WORK ITEM:
When you restate the records, do so word for word and omit any picture they contain.

(Stored data entries)
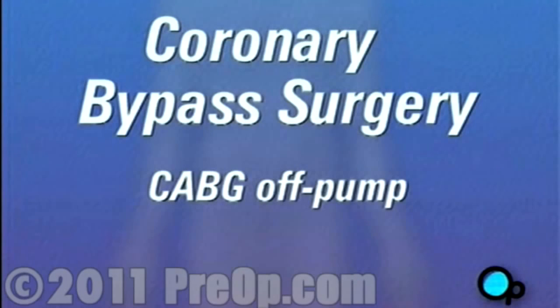Your doctor has recommended that you have coronary artery bypass surgery. But what does that actually mean?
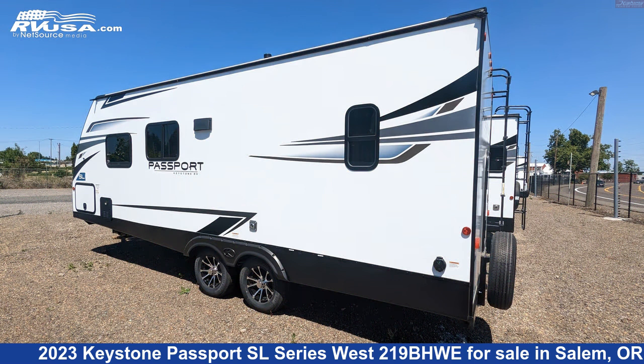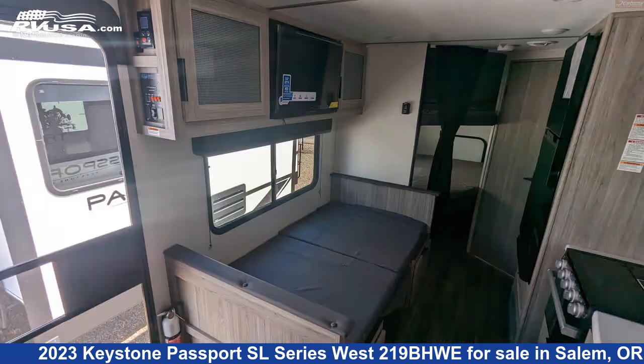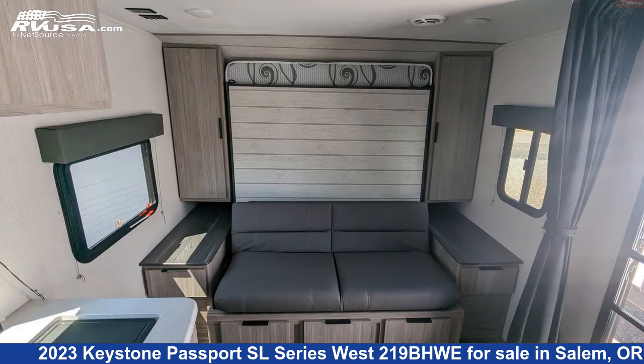This new Keystone is 25 feet 10 inches in length and features sleeps 8, external shower, LP detector, smoke detector, CO detector, TV, skylight, water heater, microwave, leveling jacks, awning, and 60 gallons fresh water capacity.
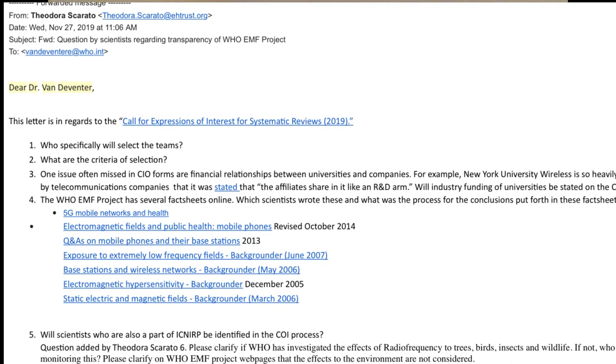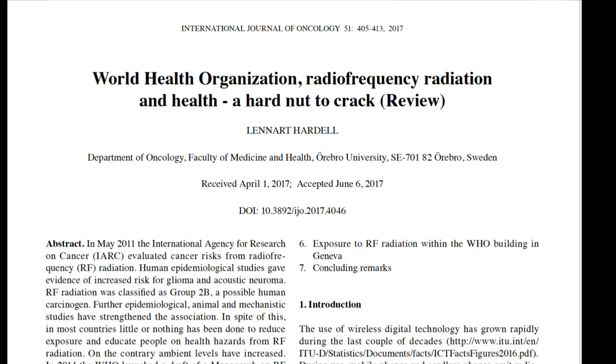I have also repeatedly written Dr. van Deventer, and she has never replied to my emails directly asking who wrote those fact sheets. Scientists who worked on DDT and asbestos are calling out the World Health Organization EMF project, as well as ICNIRP, as being industry-connected with conflicts of interest. The person who started it, who is now an industry consultant, had money illegally funneled through a hospital. The point is, there is so much money involved that the American people — the people of the world — don't even know what to believe, because there has been a complete smoke screen put up around this issue.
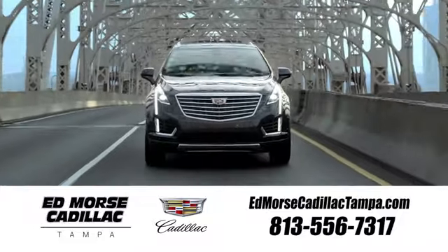Visit our website at edmorescadillactampa.com or call us today. For value and for service, it's Ed Morse.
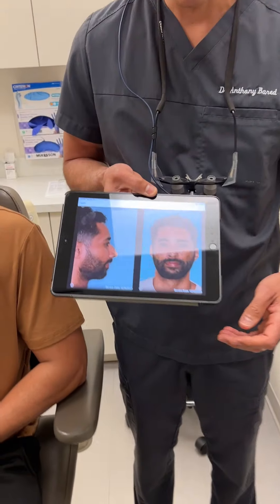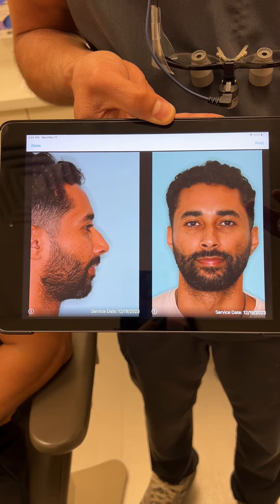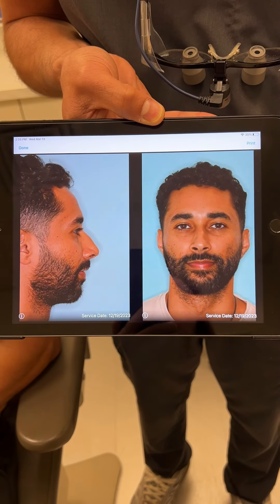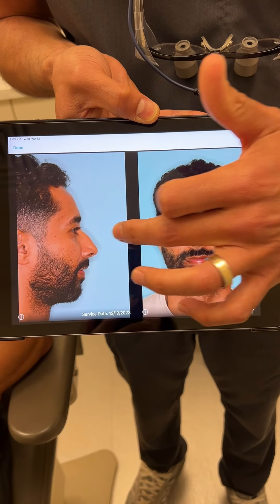I'm with a male rhinoplasty patient post-operatively whose results I wanted to demonstrate. In male rhinoplasty, the objective is always to maintain a stronger appearance to the profile without overly rotating the tip or upturning it to the point that it looks unnatural.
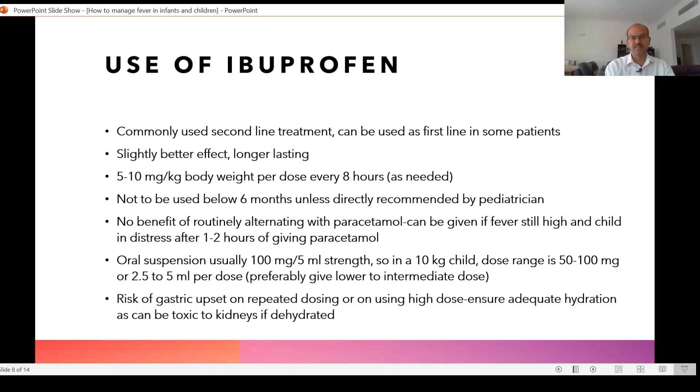Ibuprofen should not be used below 6 months unless recommended by the pediatrician. Paracetamol is the safer medicine under 6 months of age. In the first 3 months we very rarely use ibuprofen at all. From 3 to 6 months, if the pediatrician advises, you may consider giving it.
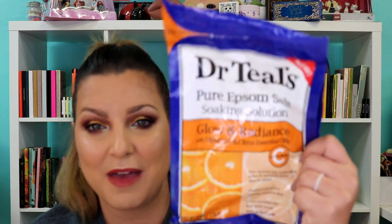Next up is the Dr. Teal's Pure Epsom Soaking Salt. I always have Dr. Teal's Epsom Salt and I go through numerous kinds — this time it was the Glow Radiance with Essential Oils. I pretty much love all of their Epsom salts. I am a bath girl — I take a shower typically in the mornings and a bath at night. I love a nice, hot, relaxing bath, so I go through bath products like crazy.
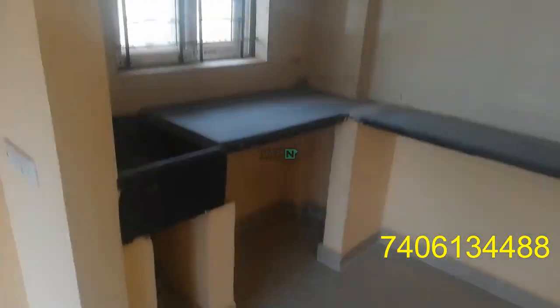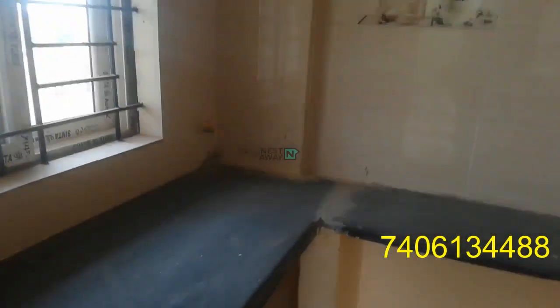This is the kitchen. This is the open kitchen. Gas pipe planning is done.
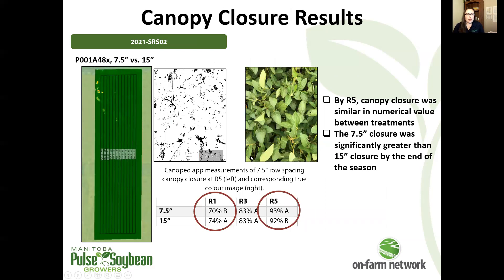Moving on to our next trial, also comparing 7.5 versus 15 inch spacing. The rest of the next four trials are all at a constant seeding rate, so it's just the row spacing that's varying, not the seeding rate.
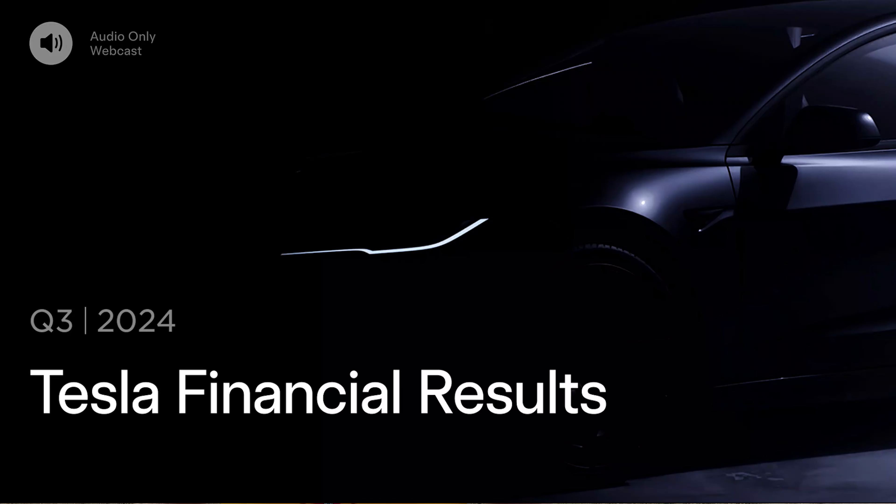Hey everybody, it's Joe. I'm back out at GigaTexas on what is hard to believe the last Friday of October 2024. There is a lot of great news that has come out about Tesla that will affect GigaTexas, mostly from that third quarter financial results meeting that was held here on Wednesday. I'd like to go over a couple of those here today as we look into the future of what to expect at GigaTexas.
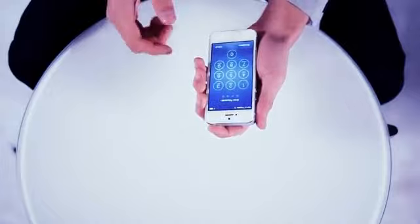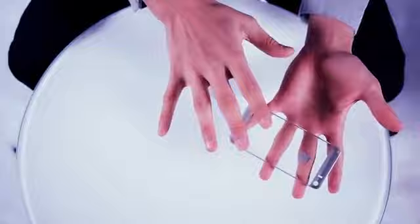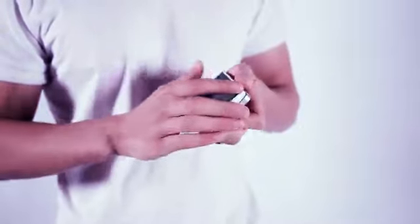It has the exact same shape, weight, and size as the regular iPhone, which makes it impossible for the spectator to tell the difference when it's inside of their hands.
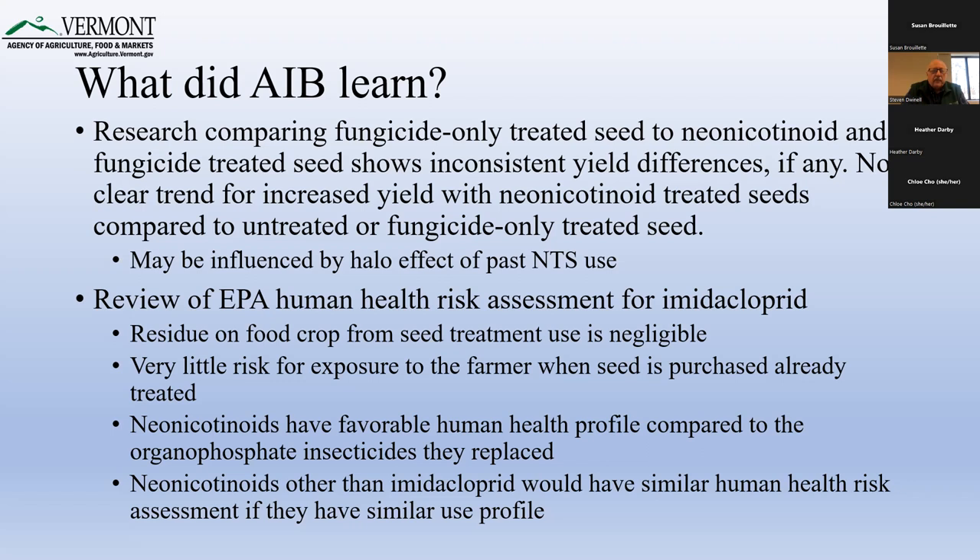The board recognized it's not a simple matter of saying there's no difference between treated and untreated seed — there are instances where treated seed performs better if you have an outbreak of corn seed maggot or some other pests. We also looked at the human health risk assessment. Because the material is used in low amounts per seed and per field and has low mammalian toxicity, there was not a significant human health risk associated with use of treated seed. Neonicotinoids also have a favorable human health profile compared to organophosphate insecticides, which have much higher toxicity ratings.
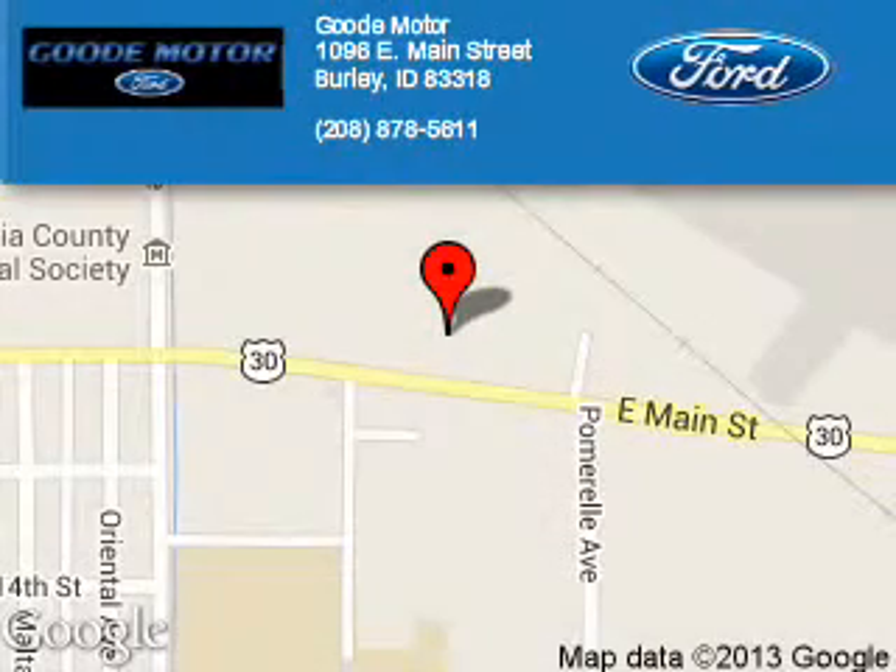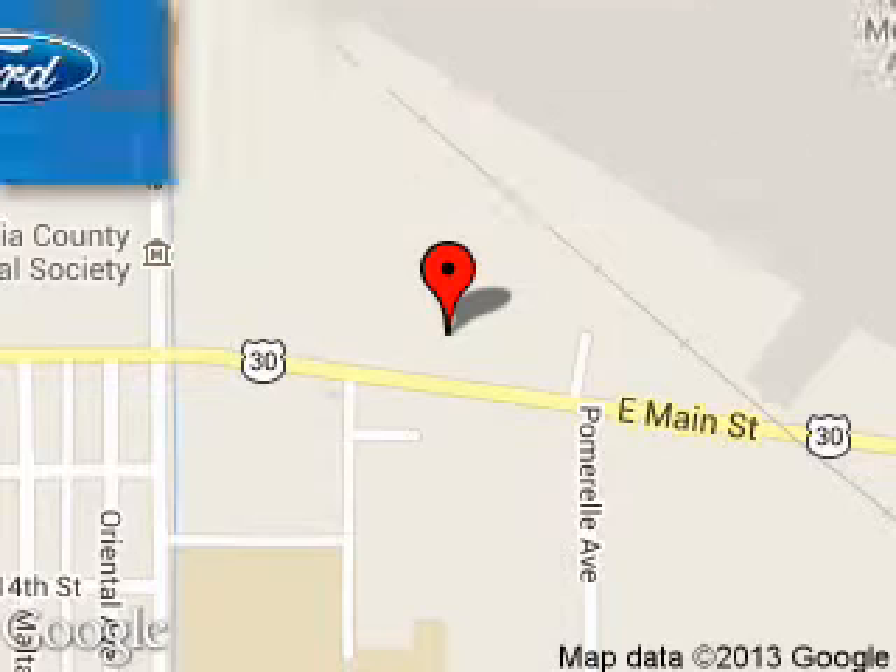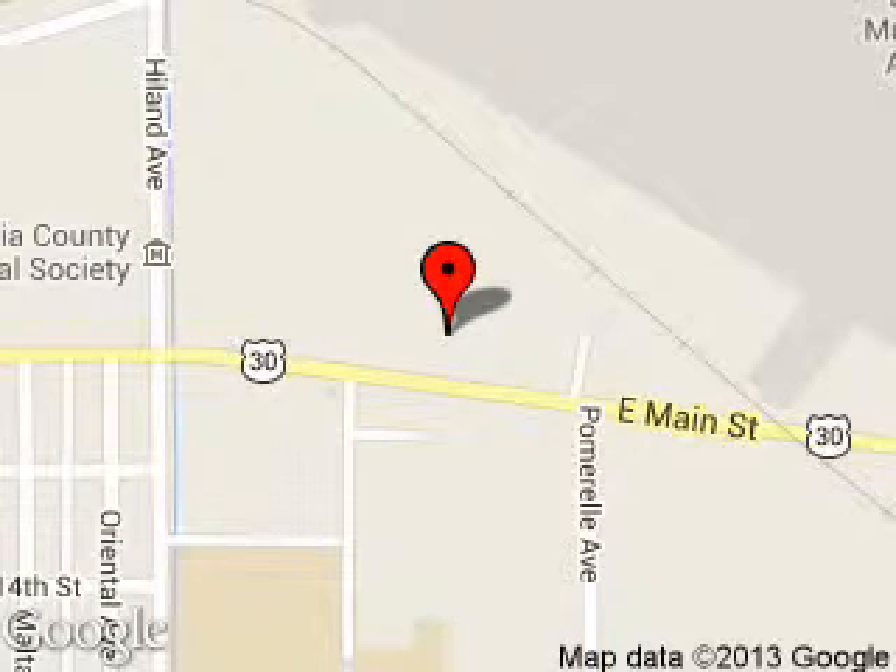Good Motor is dedicated to doing everything possible to ensure that the experience you have selecting your next vehicle is a pleasant one. We are located at 1096 East Main Street, Burley, Idaho, 83318.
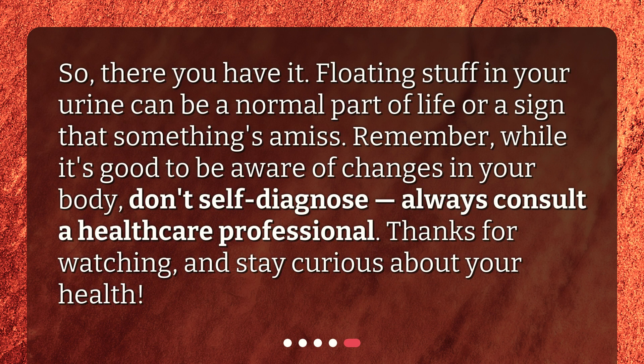So, there you have it. Floating stuff in your urine can be a normal part of life or a sign that something's amiss. Remember, while it's good to be aware of changes in your body, don't self-diagnose — always consult a healthcare professional. Thanks for watching, and stay curious about your health.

FINAL ANSWER:
Your doctor has recommended that you have coronary artery bypass surgery. But what does that actually mean?
This new Keystone is 25 feet 10 inches in length and features sleeps 8, external shower, LP detector, smoke detector, CO detector, TV, skylight, water heater, microwave, leveling jacks, awning, and 60 gallons fresh water capacity.
I have also repeatedly written Dr. van Deventer, and she has never replied to my emails directly asking who wrote those fact sheets. Scientists who worked on DDT and asbestos are calling out the World Health Organization EMF project, as well as ICNIRP, as being industry-connected with conflicts of interest. The person who started it, who is now an industry consultant, had money illegally funneled through a hospital. The point is, there is so much money involved that the American people — the people of the world — don't even know what to believe, because there has been a complete smoke screen put up around this issue.
Visit our website at edmorescadillactampa.com or call us today. For value and for service, it's Ed Morse.
I'm with a male rhinoplasty patient post-operatively whose results I wanted to demonstrate. In male rhinoplasty, the objective is always to maintain a stronger appearance to the profile without overly rotating the tip or upturning it to the point that it looks unnatural.
Ibuprofen should not be used below 6 months unless recommended by the pediatrician. Paracetamol is the safer medicine under 6 months of age. In the first 3 months we very rarely use ibuprofen at all. From 3 to 6 months, if the pediatrician advises, you may consider giving it.
Next up is the Dr. Teal's Pure Epsom Soaking Salt. I always have Dr. Teal's Epsom Salt and I go through numerous kinds — this time it was the Glow Radiance with Essential Oils. I pretty much love all of their Epsom salts. I am a bath girl — I take a shower typically in the mornings and a bath at night. I love a nice, hot, relaxing bath, so I go through bath products like crazy.
This is the kitchen. This is the open kitchen. Gas pipe planning is done.
Moving on to our next trial, also comparing 7.5 versus 15 inch spacing. The rest of the next four trials are all at a constant seeding rate, so it's just the row spacing that's varying, not the seeding rate.
Hey everybody, it's Joe. I'm back out at GigaTexas on what is hard to believe the last Friday of October 2024. There is a lot of great news that has come out about Tesla that will affect GigaTexas, mostly from that third quarter financial results meeting that was held here on Wednesday. I'd like to go over a couple of those here today as we look into the future of what to expect at GigaTexas.
It has the exact same shape, weight, and size as the regular iPhone, which makes it impossible for the spectator to tell the difference when it's inside of their hands.
The board recognized it's not a simple matter of saying there's no difference between treated and untreated seed — there are instances where treated seed performs better if you have an outbreak of corn seed maggot or some other pests. We also looked at the human health risk assessment. Because the material is used in low amounts per seed and per field and has low mammalian toxicity, there was not a significant human health risk associated with use of treated seed. Neonicotinoids also have a favorable human health profile compared to organophosphate insecticides, which have much higher toxicity ratings.
Good Motor is dedicated to doing everything possible to ensure that the experience you have selecting your next vehicle is a pleasant one. We are located at 1096 East Main Street, Burley, Idaho, 83318.
So, there you have it. Floating stuff in your urine can be a normal part of life or a sign that something's amiss. Remember, while it's good to be aware of changes in your body, don't self-diagnose — always consult a healthcare professional. Thanks for watching, and stay curious about your health.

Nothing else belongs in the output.